António Lobo Antunes comemorou 25 anos de escrita em 2004. Mais do que homenagens de circunstância, vale bem a pena revisitar, com frequência, a sua escrita maior.
Actualmente, o autor reconhece que está mais calmo e tolerante com jornalistas menos esclarecidos. Admito que seja um exercício difícil. Recordo uma entrevista publicada há alguns anos no "Público", não retive o nome da entrevistadora, apenas lembro que tentou ser engraçadinha (talvez uma dessas meninas e meninos muito modernos cujo alcance literário se esgota nas embalagens dos perfumes). Enfim, a menina quis fazer uma graça, arrancando a sessão com uma pergunta solta e muito fresca (cito de memória) "diria que o Lobo Antunes é o Herman José da literatura, não lhe parece?". Está bom de vêr que a resposta, assim como toda a entrevista, foi de arrasar, tornando-se a dado passo um "diálogo" sem nexo, em que a "menina" se perdeu numa aventura bem mais complexa do que esperava.

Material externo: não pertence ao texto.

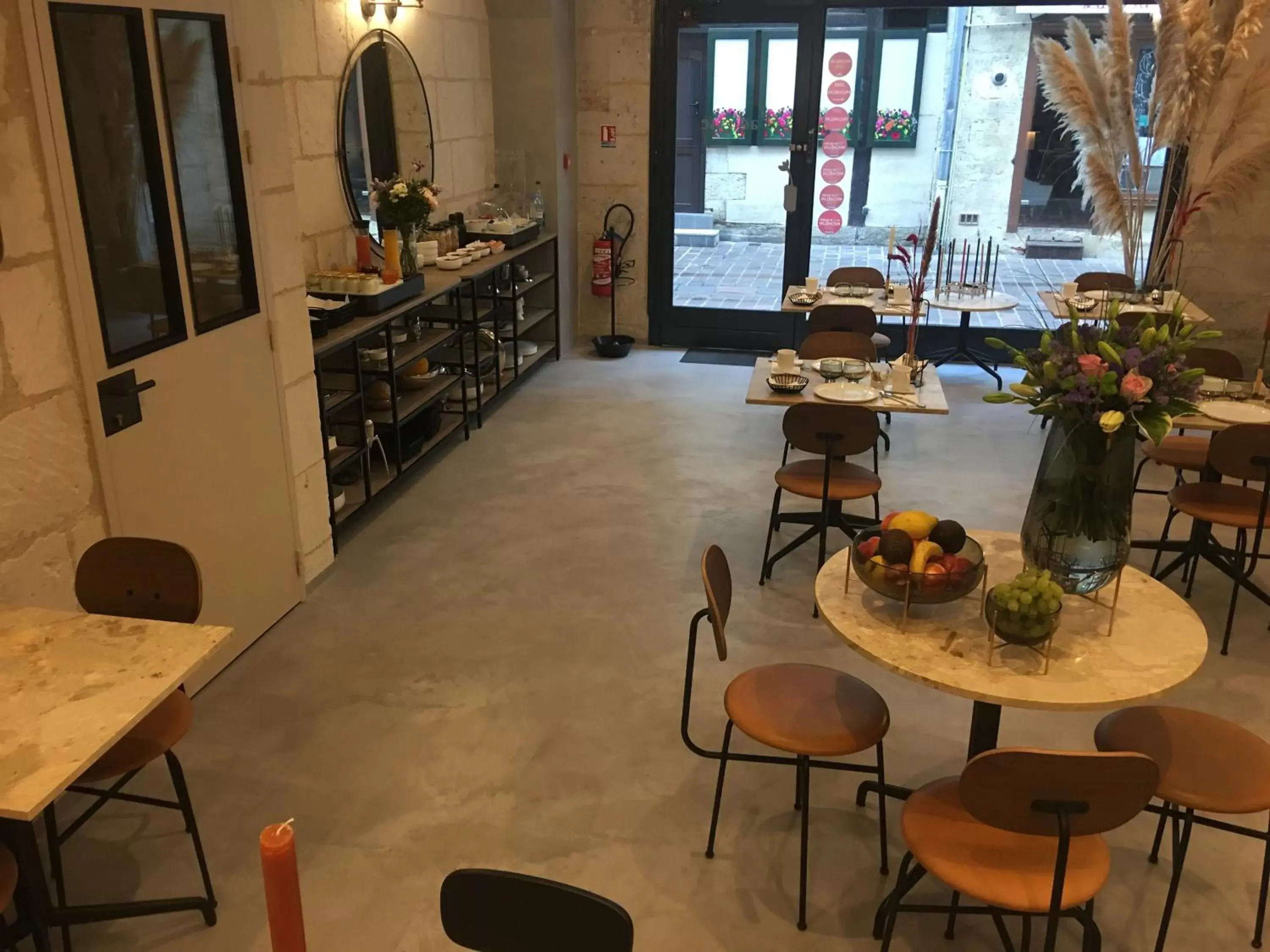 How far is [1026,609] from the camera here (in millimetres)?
2404

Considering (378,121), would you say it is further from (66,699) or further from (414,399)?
(66,699)

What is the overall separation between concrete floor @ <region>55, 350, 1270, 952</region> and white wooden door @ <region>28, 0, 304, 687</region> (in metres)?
0.61

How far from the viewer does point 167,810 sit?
3.17 metres

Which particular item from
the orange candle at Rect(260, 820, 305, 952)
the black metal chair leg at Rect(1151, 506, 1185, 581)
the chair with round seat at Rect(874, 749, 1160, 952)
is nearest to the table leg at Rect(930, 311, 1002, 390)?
the black metal chair leg at Rect(1151, 506, 1185, 581)

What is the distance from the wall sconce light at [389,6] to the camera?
565 cm

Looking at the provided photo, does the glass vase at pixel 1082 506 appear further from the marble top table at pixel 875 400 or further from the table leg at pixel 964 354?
the table leg at pixel 964 354

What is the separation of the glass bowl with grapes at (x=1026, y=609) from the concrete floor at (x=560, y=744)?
2.94 ft

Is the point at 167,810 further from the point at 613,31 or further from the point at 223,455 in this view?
the point at 613,31

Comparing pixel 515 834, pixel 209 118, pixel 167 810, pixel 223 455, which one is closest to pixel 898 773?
pixel 515 834

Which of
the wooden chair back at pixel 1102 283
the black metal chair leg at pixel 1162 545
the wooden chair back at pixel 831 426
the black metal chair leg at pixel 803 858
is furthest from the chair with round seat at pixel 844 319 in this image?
the black metal chair leg at pixel 803 858

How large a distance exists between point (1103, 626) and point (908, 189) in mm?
6192

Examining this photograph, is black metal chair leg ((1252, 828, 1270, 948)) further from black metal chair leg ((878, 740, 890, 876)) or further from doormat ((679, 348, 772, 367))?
doormat ((679, 348, 772, 367))

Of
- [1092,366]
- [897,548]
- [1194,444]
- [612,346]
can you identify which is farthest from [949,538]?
[612,346]

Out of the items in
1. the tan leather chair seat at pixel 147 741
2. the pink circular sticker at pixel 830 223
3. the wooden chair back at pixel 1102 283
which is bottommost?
the tan leather chair seat at pixel 147 741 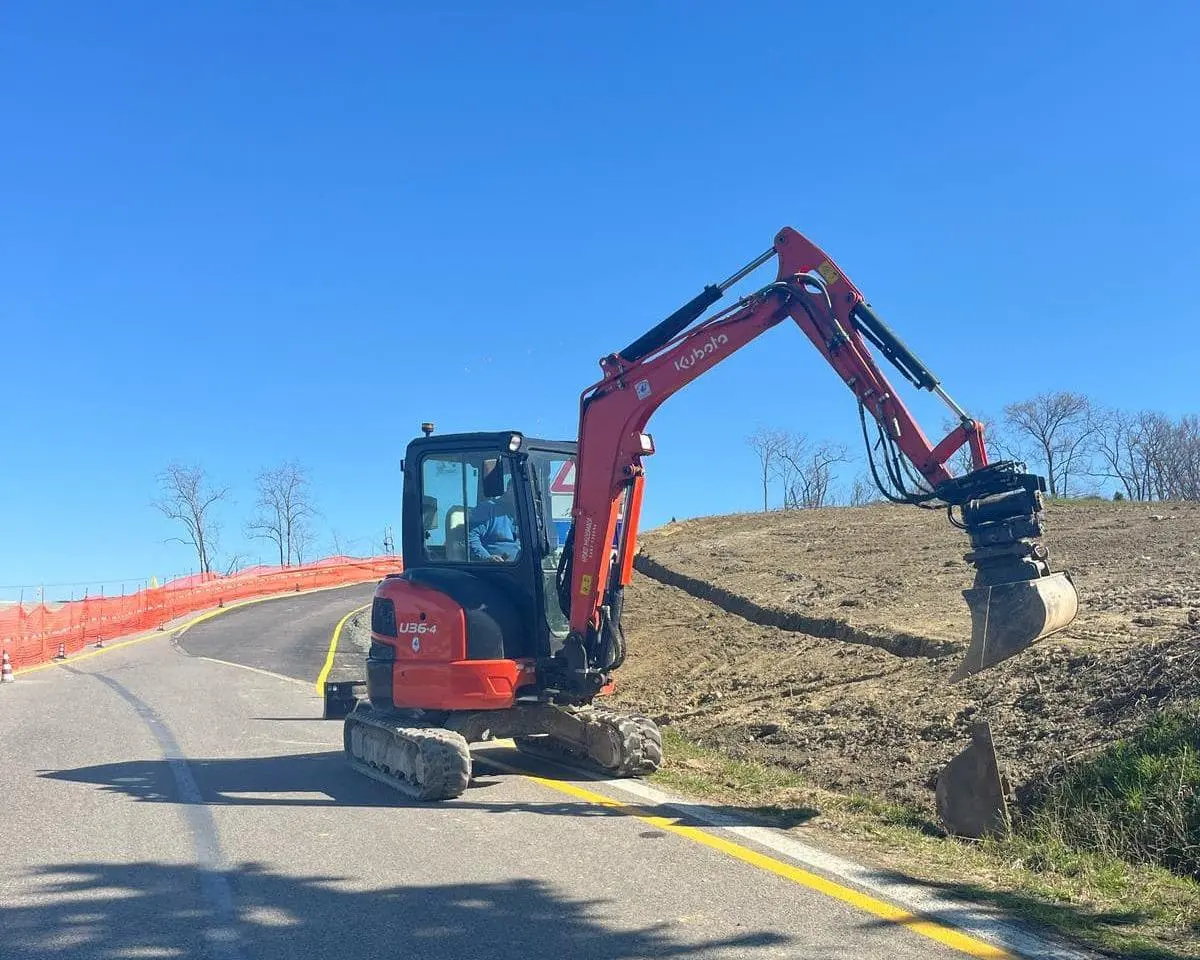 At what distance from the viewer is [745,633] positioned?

Se recordo este episódio é por que, em certo sentido, acabou por ser um exemplo (ainda que involuntário) de "non sense" com alguns momentos hilariantes.
Aliás, encontram-se nos livros de Lobo Antunes alguns exemplos do mais sofisticado humor escrito em lingua portuguesa. Não resisto a deixar aqui, com a devida vénia, apenas dois pequenos exemplos retirados daquele que considero, ainda, um dos seus mais brilhantes romances: Fado Alexandrino.

"O incomparável equilibrista sueco Charles pinchou aos saltinhos no escuro, apertado num baby-grow amarelo, reluzente de lantejoulas e vidrilhos. Era baixo, moreno, de patilhas, tipicamente nórdico de Marvila, e quando a certa altura se enganou escapou-se-lhe da ramagem preta do bigode um impetuoso Foda-se de viking. A bela Janete, minúscula e rabuda, de longos cabelos pontuados de palhetas a encarapinharem-se em desordem nas espáduas, rodopiava em torno do artista o qual se multiplicava em pinos lamentáveis, sublinhados pela orquestra de compassos trágicos de tragédia".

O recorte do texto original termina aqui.